Ironically, the researchers set out to study newborn stars. To do so, they analyzed 10 years of data from the Visible and Infrared Survey Telescope (VISTA) in Chile, which watches a large patch of sky for objects that changed brightness over time. They narrowed it down to 222 objects with the most drastic brightness changes, most of which were easy to identify as known types of events. Then, they analyzed the spectra of the last ones with the Very Large Telescope.

“Our main aim was to find rarely-seen newborn stars, also called protostars, while they are undergoing a great outburst that can last for months, years, or even decades,” said Dr. Zhen Guo, an author of the study. “These outbursts happen in the slowly spinning disc of matter that is forming a new solar system. They help the newborn star in the middle to grow, but make it harder for planets to form. We don’t yet understand why the discs become unstable like this.”
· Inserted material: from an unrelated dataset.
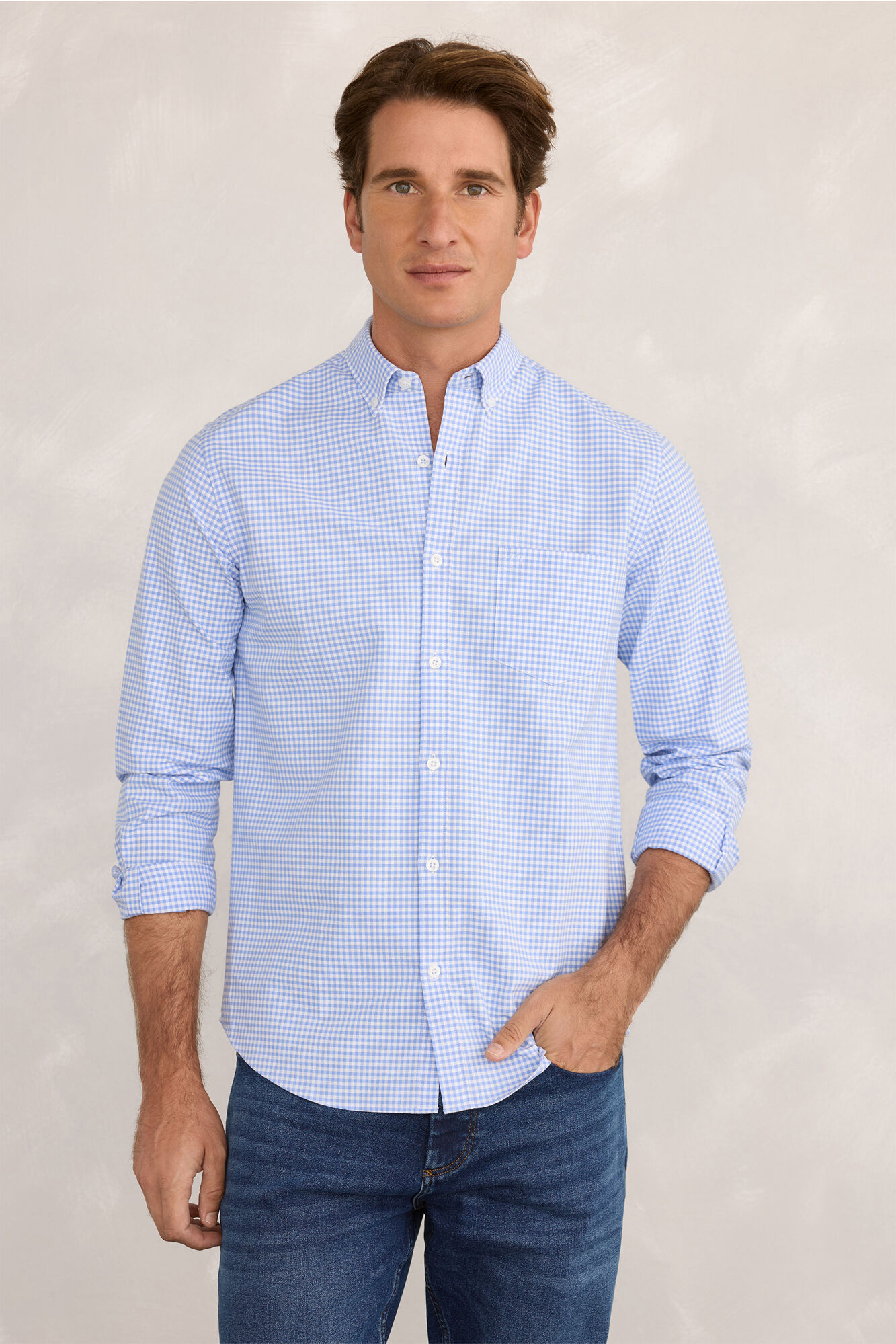 Milano Camisa Sport Cuadros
But during the study, the team spotted 21 strange stars near the center of our galaxy that were changing brightness in weird ways. One, for instance, was clearly visible in images taken in 2010, but by 2015 it had vanished entirely. Just three years later, it was back, albeit dimmer than before.

When they analyzed the spectra of these stars, they discovered celestial objects completely unknown to science. They seem to be a type of red giant – ancient stars that have run out of fuel and are currently in the slow process of dying. These ones, however, have the odd quirk of occasionally coughing up big clouds of gas and dust that blocks its light from view. Hence, the Old Smoker title.
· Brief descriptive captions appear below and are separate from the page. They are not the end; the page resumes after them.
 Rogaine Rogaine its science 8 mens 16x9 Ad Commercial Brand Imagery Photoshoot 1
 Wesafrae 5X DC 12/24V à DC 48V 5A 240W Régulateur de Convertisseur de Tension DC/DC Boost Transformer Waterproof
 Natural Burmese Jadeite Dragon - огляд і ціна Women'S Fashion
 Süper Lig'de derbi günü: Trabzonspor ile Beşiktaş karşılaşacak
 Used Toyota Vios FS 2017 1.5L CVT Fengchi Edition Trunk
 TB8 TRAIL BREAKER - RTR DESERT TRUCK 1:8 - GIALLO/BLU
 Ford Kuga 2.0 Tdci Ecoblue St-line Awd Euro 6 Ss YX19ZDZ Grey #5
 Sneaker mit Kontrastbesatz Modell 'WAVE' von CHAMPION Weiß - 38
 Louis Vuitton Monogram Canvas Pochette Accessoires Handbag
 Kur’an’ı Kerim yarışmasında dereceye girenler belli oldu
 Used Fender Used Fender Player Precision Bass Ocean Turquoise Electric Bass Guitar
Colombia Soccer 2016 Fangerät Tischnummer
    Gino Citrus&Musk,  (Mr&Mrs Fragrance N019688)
“These elderly stars sit quietly for years or decades and then puff out clouds of smoke in a totally unexpected way,” said Professor Dante Minniti, an author of the study. “They look very dim and red for several years, to the point that sometimes we can’t see them at all.”

Infrared images of an “Old Smoker” star near the center of the Milky Way. Inset: How that star’s brightness changed over time

Like a chain-smoking grandpa who will ramble his stories to anyone willing to listen, these crotchety old stars might still have some value to impart to the younger generation. The heavier elements in the universe are forged through multiple cycles of star birth and death, and these belched-out clouds could be a previously unknown way they spread through the cosmos.

“Matter ejected from old stars plays a key role in the life cycle of the elements, helping to form the next generation of stars and planets,” said Professor Philip Lucas, lead author of the study. “This was thought to occur mainly in a well-studied type of star called a Mira variable. However, the discovery of a new type of star that throws off matter could have wider significance for the spread of heavy elements in the Nuclear Disc and metal-rich regions of other galaxies.”

The research was published in the journal Monthly Notices of the Royal Astronomical Society, [1], [2], [3], [4].